Problem
Would you please copy only the lines from the line that contains "1PC New WGMXMBRR2 Filter DHL" to the end of the data below, exactly, leaving every picture out?

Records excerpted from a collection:
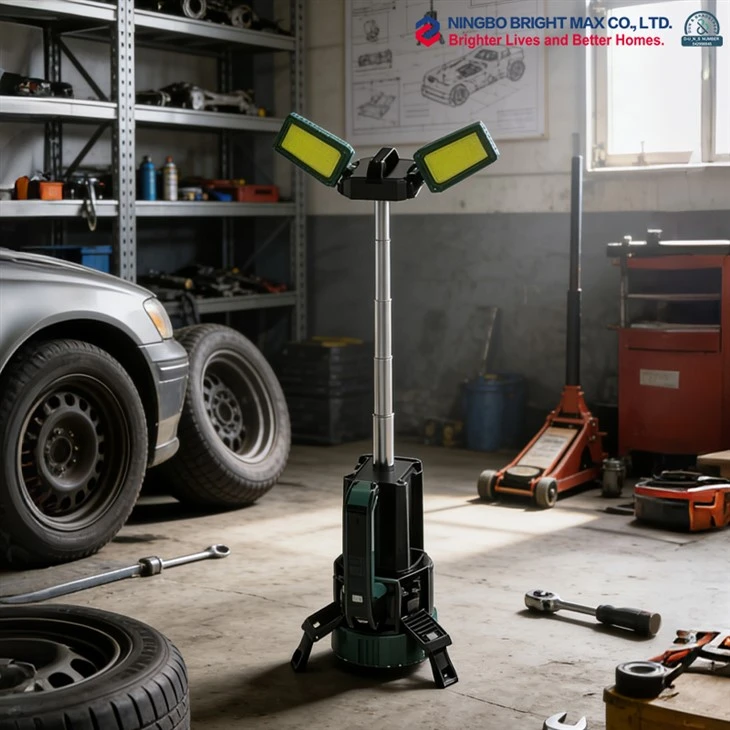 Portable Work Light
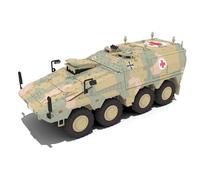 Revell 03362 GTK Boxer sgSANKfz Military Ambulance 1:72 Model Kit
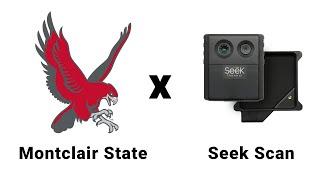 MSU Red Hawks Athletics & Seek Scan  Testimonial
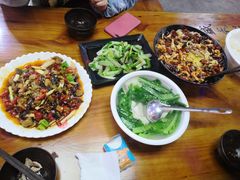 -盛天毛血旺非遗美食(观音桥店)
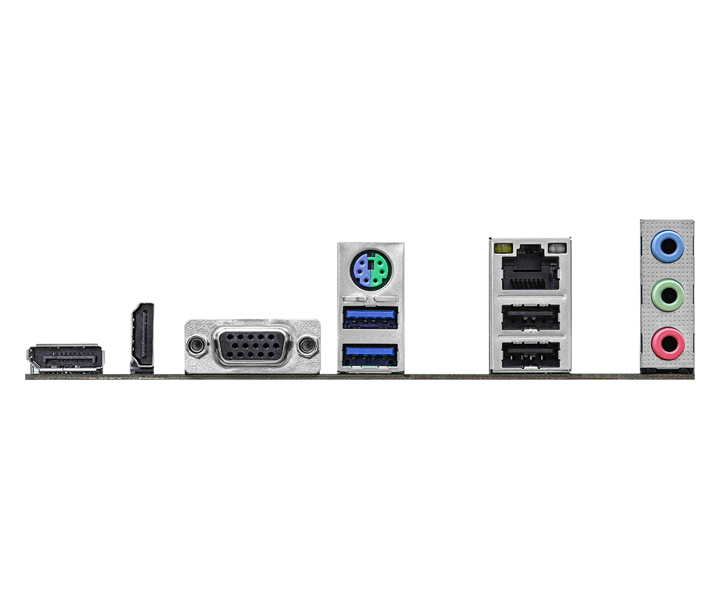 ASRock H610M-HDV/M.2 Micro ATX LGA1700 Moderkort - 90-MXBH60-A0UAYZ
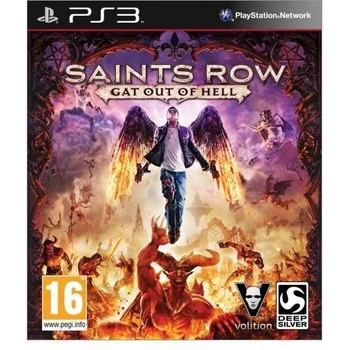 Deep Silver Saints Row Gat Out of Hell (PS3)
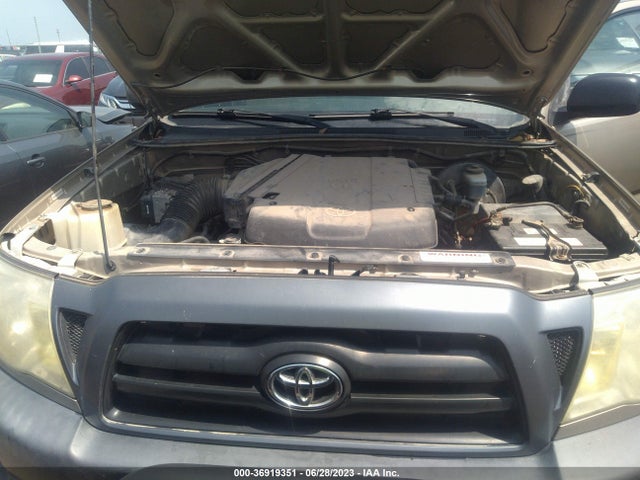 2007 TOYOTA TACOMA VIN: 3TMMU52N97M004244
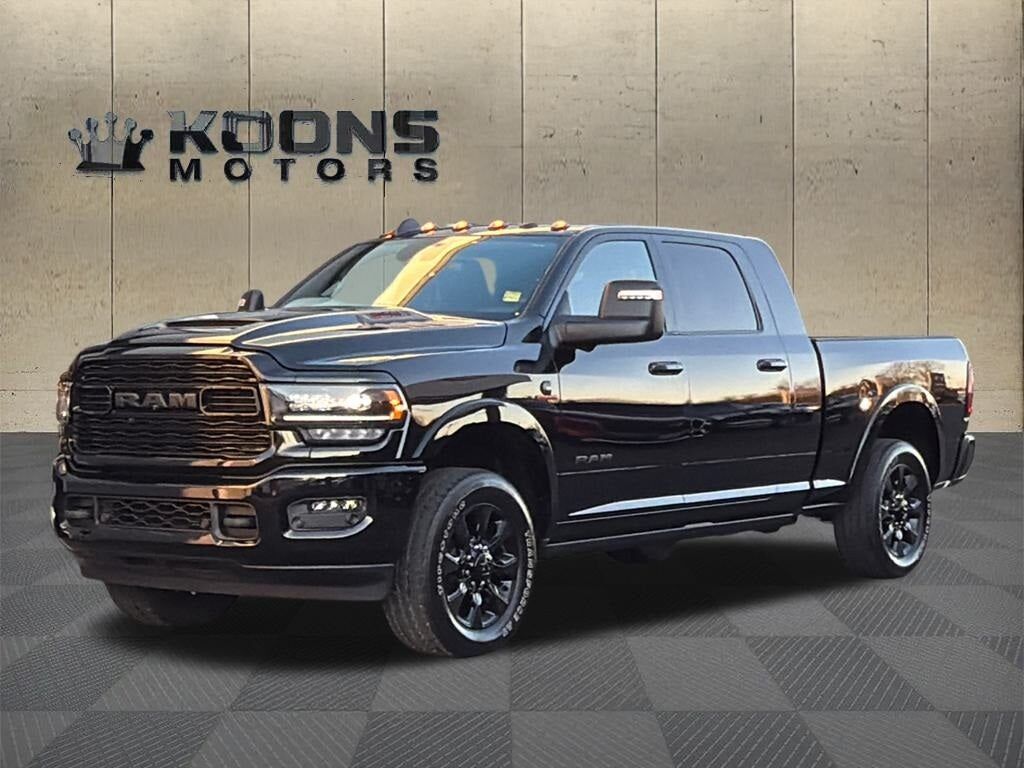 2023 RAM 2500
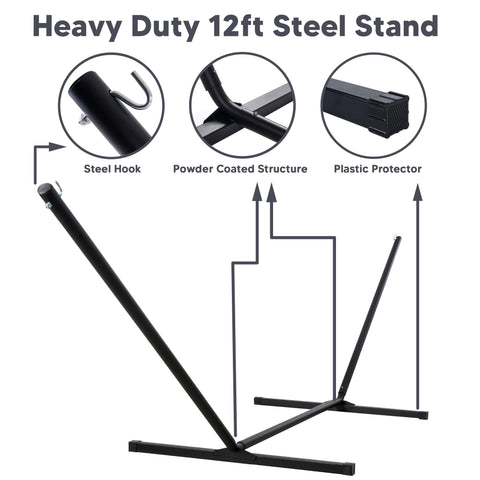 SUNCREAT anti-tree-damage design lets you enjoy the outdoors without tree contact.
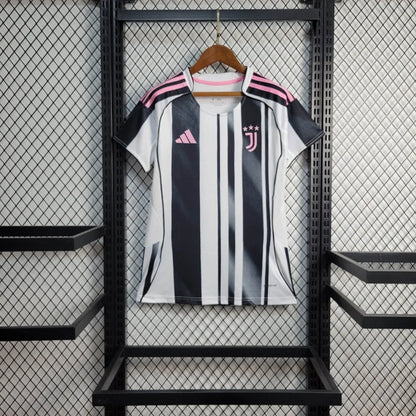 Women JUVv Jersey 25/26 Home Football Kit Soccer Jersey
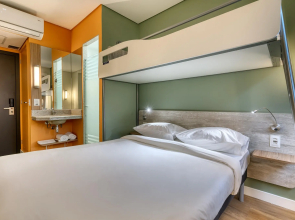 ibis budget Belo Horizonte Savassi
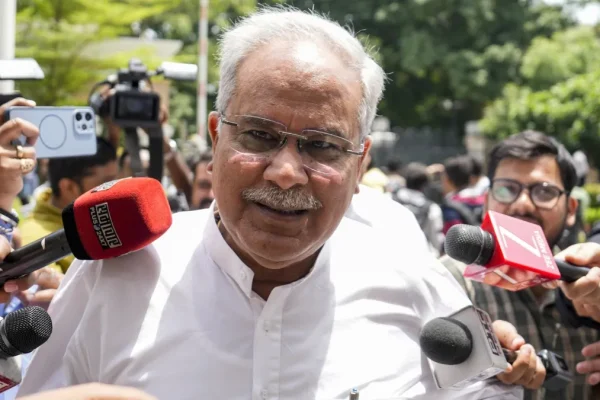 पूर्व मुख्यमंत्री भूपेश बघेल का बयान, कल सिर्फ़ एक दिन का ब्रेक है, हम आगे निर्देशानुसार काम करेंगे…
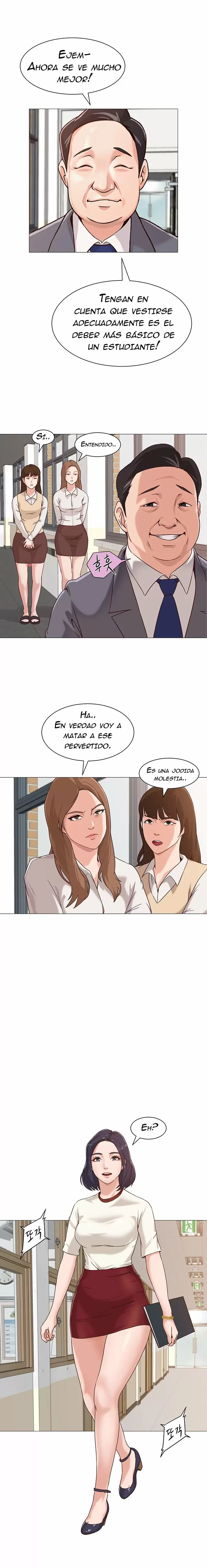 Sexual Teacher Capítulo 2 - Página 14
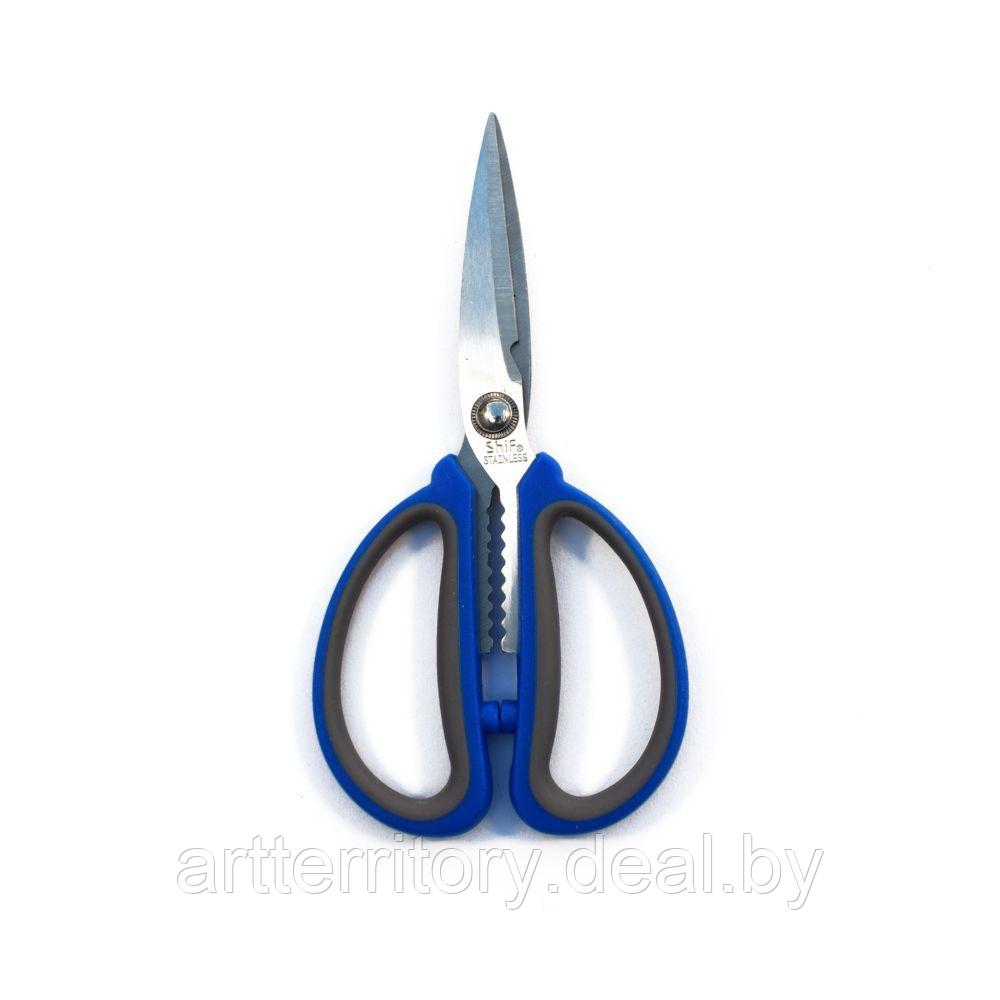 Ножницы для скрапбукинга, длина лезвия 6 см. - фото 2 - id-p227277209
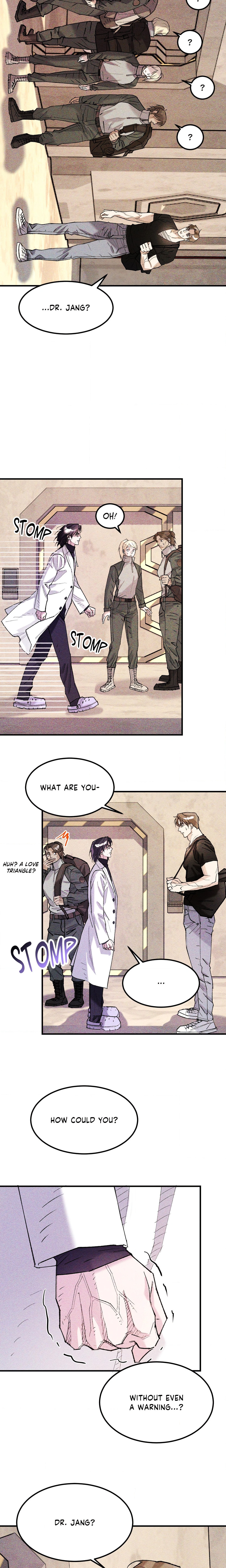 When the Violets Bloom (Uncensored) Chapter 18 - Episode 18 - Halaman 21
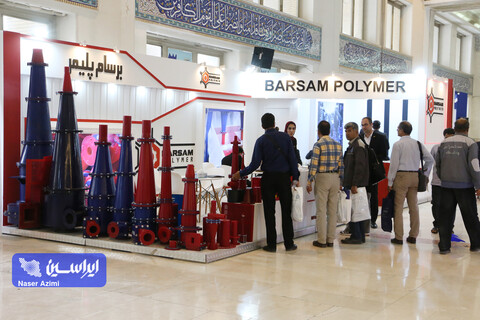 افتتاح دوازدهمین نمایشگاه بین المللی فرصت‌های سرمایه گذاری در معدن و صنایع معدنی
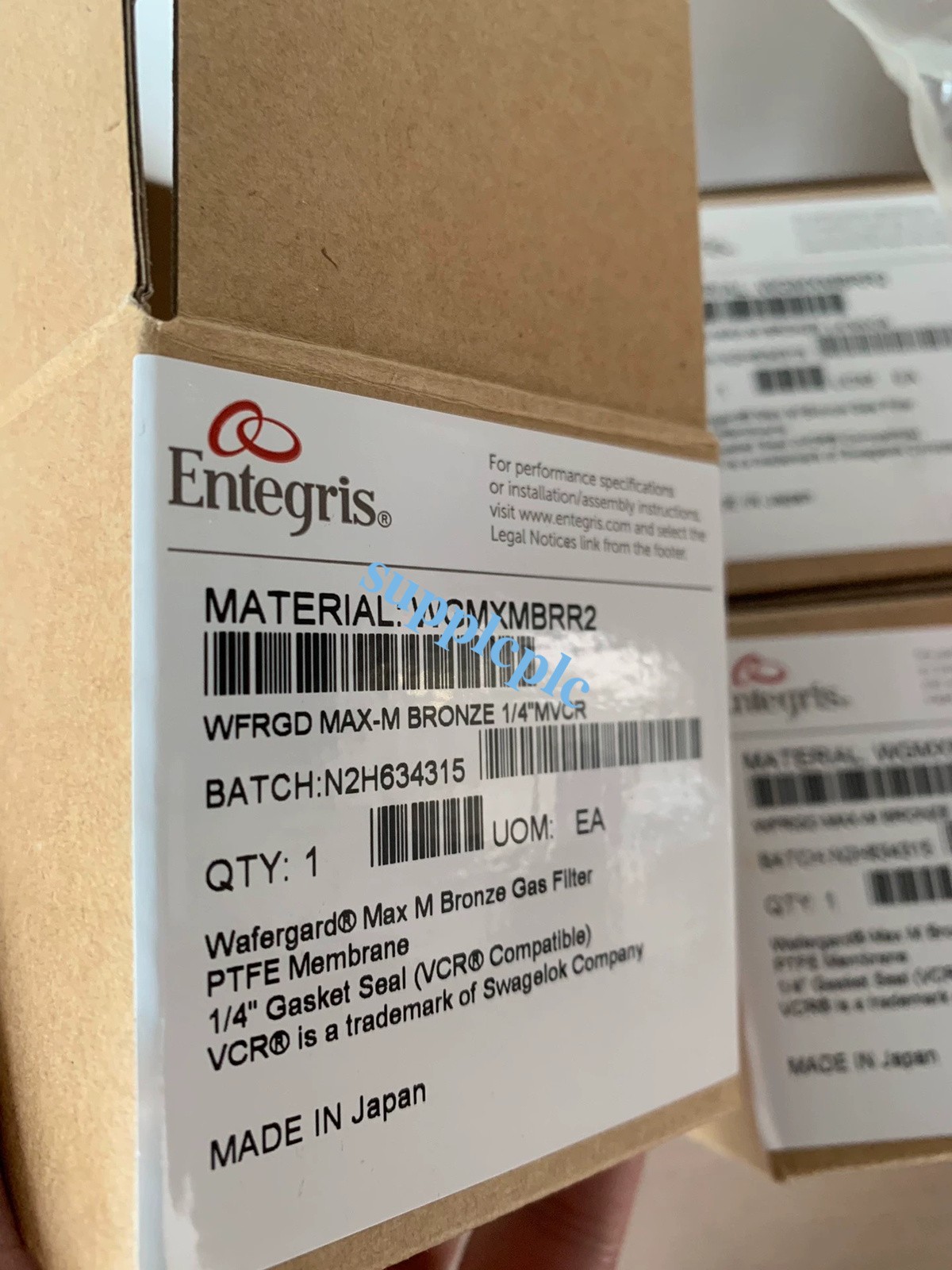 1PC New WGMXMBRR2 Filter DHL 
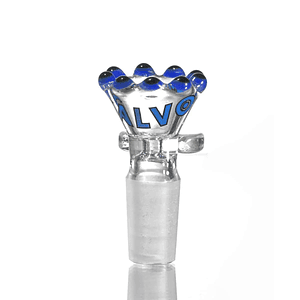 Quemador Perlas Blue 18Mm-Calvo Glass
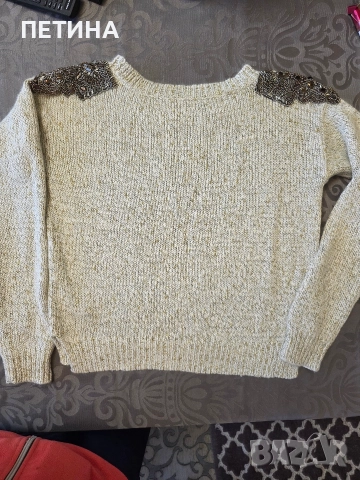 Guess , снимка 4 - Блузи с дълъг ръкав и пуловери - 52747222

Answer space
 1PC New WGMXMBRR2 Filter DHL 
 Quemador Perlas Blue 18Mm-Calvo Glass
 Guess , снимка 4 - Блузи с дълъг ръкав и пуловери - 52747222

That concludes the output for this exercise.